Looking at the back "good news" tips:
-more than 1 VGA connector
-any audio outputs
-a "game port" joystick connector
-generally lots of the available slots used instead of blanked
-determine the year: lack of any USB port usually means older than PII era, lack of small PS/2 ports as well makes it "old" as in 386/486 to my limited experience.

Looking inside is always more handy. But either way as said most will be good enough (or a good basis for) for some kind of interesting DOS system as many of these will be either truly DOS era or W95/98 era which is also suitable.
 
Asus P3V4X

This is a Pentium II? If my Google is correct that's kind of an odd motherboard to have paired with a PII. (It says it's based on the Apollo Pro 133A, that's very much a Pentium III-era chipset.)

Small warning sign: it looks like the heat sink is popping off the video card.
 
This is a Pentium II? If my Google is correct that's kind of an odd motherboard to have paired with a PII.
That's what I also found when I searched - odd huh?
Small warning sign: it looks like the heat sink is popping off the video card.
And yes I did get around to popping it back in, although it isn't powering on just yet. I will replace the CMOS battery first and go from there :) Quite happy with the price, even if it's just for the parts. I will be going to where I got this one from again (E-Waste Recycler) as they mentioned having plenty more old computers!
 
Points to a dealer saving money, to my eye, anyway.
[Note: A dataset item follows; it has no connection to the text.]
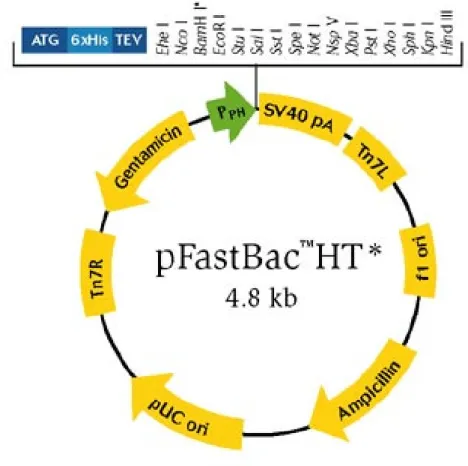 Figura 3.1 Struttura del plasmide pFastBac: la regione compresa tra i siti Tn7L e  Tn7R è quella in grado di trasporre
Could also be an exercise in slapping together hand-me-downs from other systems. Lord knows I've had plenty of those.

The labeling on the CD-ROM drive (IE, the whole 52x/32x/16x thing) and the fact that it's a "combo" DVD/CD-RW drive also feels like an anachronism for a Pentium II. Maybe it was a replacement for an older drive that kicked the bucket, but it also *maybe* suggests this system was originally built as a Pentium III sometime around early 2001, was partially gutted for parts at some point later, and then ended up with the Pentium II in it because it was the only Slot II CPU the person had lying around.

What kind of video card is it? The fact that it doesn't have a fan on that heatsink suggests to me something like a Radeon VE/7000... which is also a 2001-ish vintage card. (Something older/more PII-correct like a Rage/Mach 64 is of course also a possibility.)
 
That was actually par for the course in pricing. Witness the other ads in the magazine cited. Sub-£1000 systems with disk drives were very uncommon back then.
 
The photos are confusing. But I'd assume that the VDU RJ45 on the rear panel is the way to forward.

I don't see anything that looks like a CRTC or whatever on the board, so I would guess the "VDU" in question was a serial terminal. This thing reeks of being analogous to machines like the Xerox 820-II, that superficially look similar to an IBM PC-style system, IE, a three-piece system unit-keyboard-monitor computer, but are actually a computer-diskdrive unit+terminal-with-detached-keyboard.
 
The 4 pin does certainly point to a hookup to a serial terminal. I've not seen a jack with the latch on the side, but perhaps someone recognizes it.
It would be useful to get a high-resolution photo of the whole board to see what's feeding that jack.
 
Looks an awful lot like just how we did it here with RJ11, someone recycled the UK's standard for a telephone jack and socket, BS6312.